Use Databricks for synthetic data

With MOSTLY AI, you can connect to a Databricks SQL Warehouse and use it as a data source or destination for your synthetic data.

Prerequisites

To create a Databricks connector, you need to obtain your SQL Warehouse connection details, a Databricks catalog name, and a personal access token for Databricks. The linked sections below provide step-by-step guidance on how to complete the prerequisites.

Database connection details in Databricks
Catalog name in Databricks
Personal access token in Databricks
📑
Note: As MOSTLY AI leverages Unity Catalog Volumes in Databricks for data ingestion, make sure that the user associated with the access token in your destination connector is granted the CREATE TABLE and CREATE VOLUME privileges.

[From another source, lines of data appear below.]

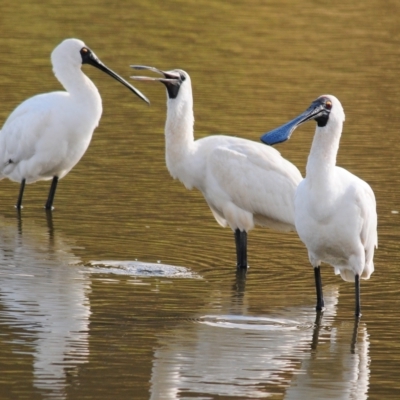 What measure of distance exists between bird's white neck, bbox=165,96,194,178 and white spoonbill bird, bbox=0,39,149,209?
2065 millimetres

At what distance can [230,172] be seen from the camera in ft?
40.4

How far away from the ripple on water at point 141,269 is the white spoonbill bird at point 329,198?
5.65ft

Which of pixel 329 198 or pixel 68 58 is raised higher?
pixel 68 58

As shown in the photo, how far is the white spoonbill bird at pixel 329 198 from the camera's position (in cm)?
984

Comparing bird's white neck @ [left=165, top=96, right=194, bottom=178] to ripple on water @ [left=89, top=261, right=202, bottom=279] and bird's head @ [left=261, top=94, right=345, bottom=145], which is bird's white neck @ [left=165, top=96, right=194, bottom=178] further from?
bird's head @ [left=261, top=94, right=345, bottom=145]

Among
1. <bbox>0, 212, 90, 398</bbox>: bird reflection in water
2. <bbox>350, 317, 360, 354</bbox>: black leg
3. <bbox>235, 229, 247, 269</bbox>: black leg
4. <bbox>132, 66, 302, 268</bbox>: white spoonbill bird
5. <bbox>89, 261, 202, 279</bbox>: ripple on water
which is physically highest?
<bbox>132, 66, 302, 268</bbox>: white spoonbill bird

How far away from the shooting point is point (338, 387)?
28.3 feet

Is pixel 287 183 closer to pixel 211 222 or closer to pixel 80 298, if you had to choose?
pixel 211 222

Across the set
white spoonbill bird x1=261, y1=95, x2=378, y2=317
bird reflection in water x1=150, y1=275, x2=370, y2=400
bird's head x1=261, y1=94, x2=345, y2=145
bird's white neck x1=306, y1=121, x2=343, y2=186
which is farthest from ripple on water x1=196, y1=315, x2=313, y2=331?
bird's head x1=261, y1=94, x2=345, y2=145

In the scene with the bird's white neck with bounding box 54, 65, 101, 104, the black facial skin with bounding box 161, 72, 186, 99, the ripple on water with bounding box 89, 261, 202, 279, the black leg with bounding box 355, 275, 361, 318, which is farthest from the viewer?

Get connection details for your Databricks SQL Warehouse

In Databricks, open the workspace that contains the SQL Warehouse you want to use.
Open the sidebar menu again and select SQL Warehouses.
From the list, open the SQL warehouse you want to use for synthetic data.
Select the Connection details tab.
Copy the necessary connection details (hostname, port, protocol, and HTTP path) for the MOSTLY AI Databricks connector.

Get Databricks catalog name

From the Databricks sidebar menu, select Data.
Copy the name of the catalog you want to use in MOSTLY AI.

Create a Databricks personal access token

In Databricks, open your account menu and select User Settings.
Under Settings, select Developer.
Click Manage for Access Tokens.
Click Generate new token.
In the Generate new token window, enter a name that identifies where you intend to use the token.

💡
Adjust the expiration of the token in the Lifetime (days) box.
Click Generate.
Copy the access token and save it in a secure location.

⚠️
Before you close the window, save the token in a location you can access later.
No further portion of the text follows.